Brett Atkinson has a ball following Sophia around the Eternal City .

From the massive dome of St Peter's Basilica to the aptly named Colosseum, Rome has no shortage of grand attractions, but vintage Fiat 500 cars definitely don't make the list.

We'd first seen the iconic Italian super-compacts a few weeks earlier in Sicily, and even then I was concerned whether a middle-aged former rugby player could fit in the driver's seat. Barely reaching my armpit, a Fiat 500 looks more like a car you wear than a car you drive. A few weeks of main-lining gelati and Sicilian food had only magnified my concerns at being able to negotiate one around the storied streets of the Eternal City.

Fortified by straight-up espressos in a stand-up workers' cafe a few blocks south of the Colosseum, we meet Alvise Di Giulio, the owner of Rome 500 EXP, at his underground garage. Inside, it's an automotive lolly scramble, with a spectrum of different-coloured cars gleaming in the half-light. Maybe not hundreds and thousands, but there's at least 10 of the cars manufactured from 1957 to 1975, and still a timeless symbol of Italian retro cool. More than three million were sold, and Alvise explains there are still about 400,000 Fiat 500s on the road in Italy. For generations of Italians, the tiny cars are lovingly known as Fiat Cinquecentos, and Di Guilo's surprised to learn they were uniquely marketed in New Zealand as the Fiat Bambina.


Each of his cars has a suitably Roman name, and today he's behind the wheel of Sophia, a hot pink 1970 beauty. We're driving Trastevere, built in 1971, coloured an equally bright red, and named after Rome's bohemian neighbourhood on the left bank of the River Tiber. After a quick explanation of the car's air-con system — simply pull back the canvas sunroof — and the Fiat's rudimentary four-speed manual gearbox, he commands "Follow Me!" on his handy inter-car walkie-talkie and we're off into morning sunshine.

Inside the car, I'm surprised at the dimensions, and it really is an Italian design classic.

My knees aren't up around my chest, my head's not sticking out the sunroof like a giraffe being transported between safari parks, and despite Rome's spongiest brakes, gleaming little Trastevere is actually pretty easy to drive. Di Giulio issues concise directions via walkie-talkie, "Left! Right! Park here!", and we're soon exploring the city's streets on four compact wheels.

On the road, the affection Romans have for their beloved Cinquecentos soon becomes obvious. Trucks courteously leave us room at traffic lights, kids hang out the windows of school buses, and cool sunnies-wearing Alfa Romeo drivers grab quick smartphone shots when we're stationary.

"Welcome to Rome!

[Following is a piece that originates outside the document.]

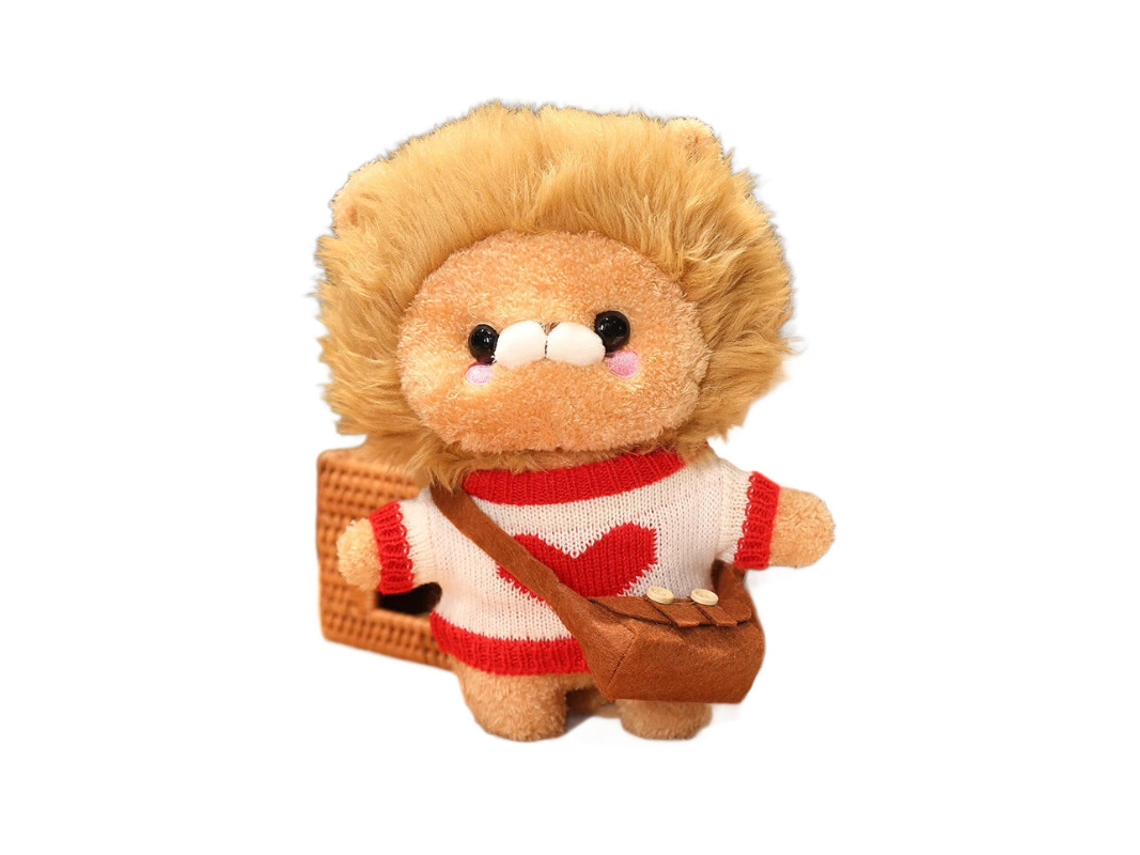 Brinquedo de Pelúcia Leão Dourado Cartoon com Suéter Mochila Boneco Fofo para Decoração, Companhia, Presente Suéter Rosa com Letras Xiuying CHABERLU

You're the attraction now!" we hear over Di Giulio's scratchy mobile comms system.

Filling up Trastavera, a vintage Fiat 500. Photo / Brett Atkinson
Filling up Trastavera, a vintage Fiat 500. Photo / Brett Atkinson

Our route takes in the neighbourhoods south of the Colosseum, and Di Giulio's love for the little cars is matched by his knowledge of Roman history and culture. Above the sprawling ruins of Rome's Terme di Caracalla bathhouses, we learn the word Spa actually comes from the Latin abbreviation for "Sanus Per Aquam" ("Health through water"). After steering Sophia and Trastevere up the mansion-clad slopes of Aventine Hill, we're treated to the best views in town, the Vatican City and the Victor Emmanuel Monument both caught in the sunlight. On the hill's summit at Via di Santa Sabina, the crowds taking in the famous keyhole view of St Peter's soaring dome are distracted by our arrival, and our brightly-hued mini-convoy soon becomes a paparazzi focus for a global crew of tourists.

All the while, Di Giulio keeps up his thoroughly entertaining commentary of historical and cultural insights, and it feels like we're in a surprising remake of both The Italian Job and The Da Vinci Code. Di Giulio also brings his own cinematic touch to proceedings, producing a movie clapper board listing us as the stars of the show, himself as the cameraman, and the legendary Federico Fellini as director.

It all adds to the fun of the morning but even without Di Giulio's quirky additions, driving the little red car around one of the world's greatest cities is still a brilliant experience. Pulling confidently into a roadside service station, we fill up Trastevere's compact front-mounted fuel tank before following Di Giulio and Sophia on a couple of final thrilling laps of the Colosseum.


Smiles as broad as St Peter's Square linger well into the afternoon.



Qatar Airways

flies from Auckland to Rome, via Doha, with return Economy Class fares from $1499.

Althea Inn in the up-and-coming Roman neighbourhood of Testaccio is an excellent value B&B.

Rome 500 EXP offer both self-drive or chauffeured tours, with after dark departures also available. Book in advance online for the best prices. From €170 (around NZ$300) for two people. Children under 12 are free.